October 14, 2003, 9:58 AM — Internet use is still growing fast but so is Internet-based fraud, according to security vendor Verisign Inc, which examined data from its own infrastructure services between August 2002 and August 2003.
According to Verisign's study "Internet Security Intelligence Briefing," released Monday, 6.2 percent of e-commerce transactions carried out in the U.S. were attempts at fraud. More than half the fraud attempts were made by entities outside the U.S., Verisign said.
Also, the number of security incidents almost doubled between May 2003 and August 2003, Verisign said.
Standard security attacks and fraud are closely linked, according to Verisign.
"Analysis ... showed extremely high correlation (47 percent ) between sources of fraud and sources of security attacks," the study said. "Attackers who gain control of Internet host machines are using these compromised hosts for both security attacks and fraudulent e-commerce transactions."

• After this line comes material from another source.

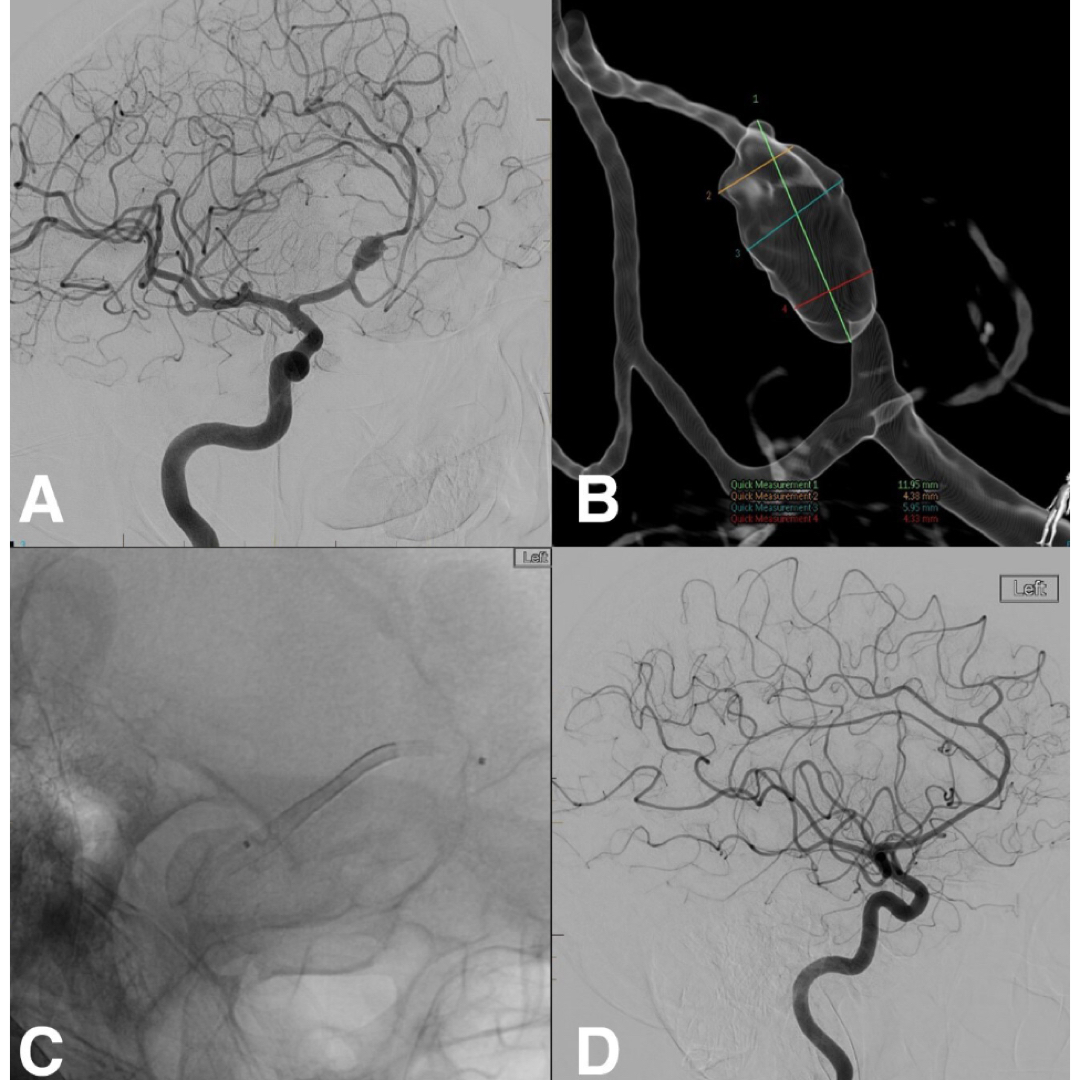 🧠 Don’t miss Laetitia de Villiers and @halrice discussing 4th gen #PED with Dr. Peter Kim Nelson and @esamaniego discussing Tigerretriever to treat AIS with underlying athero with @majidishahram. Along with @DrAltschul as part of @JNIS_BMJ journal club: 2/1 4-5PM EST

Other findings from the study include:
-- total DNS (Domain Name System) queries such as finding Web sites and e-mail addresses grew by 51.4 percent between August 2002 and August 2003
-- e-mail related DNS queries rose by 245 percent over the same period, partly because of the upsurge in spam and mass-mailing viruses such as Bugbear
-- the average number of Internet transactions per online merchant site has grown 17 percent in the past year
-- SSL (Secure Socket Layer) has become the de facto e-commerce security standard, with over 400,000 sites and growth in certificate issue of 6 percent over the past year
-- security incidents per device rose 99 percent between May 2003 and August 2003, with the Blaster worm contributing most of the increase in August
-- the trend in viruses and worms is towards more sophisticated, potent and coordinated attacks along the lines of Blaster, Nachi and Sobig.F, which was the first virus to direct itself at the Internet's root servers
Security incidents were principally generated in the U.S. (81 percent ), but the percentage of fraud attempts made from the U.S. was much lower (48 percent). One reason for the difference is the weak policing of the Internet outside the U.S., according to Verisign.
"International criminals can essentially commit fraud with impunity, given that jurisdiction issues make policing international fraud near impossible," the report said.
Following the U.S. in the fraud stakes was the U.K. (5.25 percent), while in third place was Nigeria (4.81 percent), where the 419, or advance fee, fraud epidemic rages unchecked.